DATA SHOWN:
◇ ◇ ◇
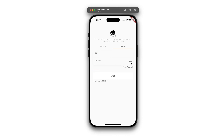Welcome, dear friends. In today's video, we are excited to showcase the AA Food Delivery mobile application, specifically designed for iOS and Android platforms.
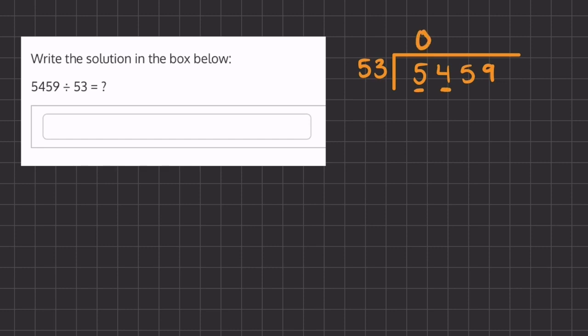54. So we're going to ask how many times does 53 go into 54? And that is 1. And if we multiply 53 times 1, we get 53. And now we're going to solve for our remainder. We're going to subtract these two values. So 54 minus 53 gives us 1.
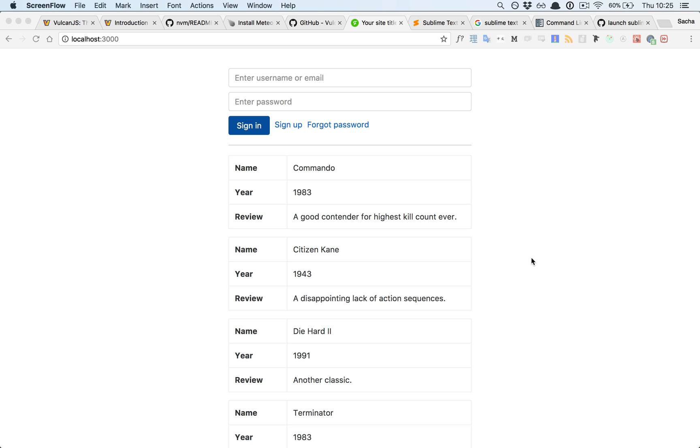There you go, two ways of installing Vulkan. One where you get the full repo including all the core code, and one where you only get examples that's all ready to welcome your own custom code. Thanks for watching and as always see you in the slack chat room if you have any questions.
◇ ◇ ◇
AIM OF THE EXERCISE: Print each line of the material above exactly, with the pictures removed from your copy.

RESULT FOR THIS TASK:
Welcome, dear friends. In today's video, we are excited to showcase the AA Food Delivery mobile application, specifically designed for iOS and Android platforms.
54. So we're going to ask how many times does 53 go into 54? And that is 1. And if we multiply 53 times 1, we get 53. And now we're going to solve for our remainder. We're going to subtract these two values. So 54 minus 53 gives us 1.
There you go, two ways of installing Vulkan. One where you get the full repo including all the core code, and one where you only get examples that's all ready to welcome your own custom code. Thanks for watching and as always see you in the slack chat room if you have any questions.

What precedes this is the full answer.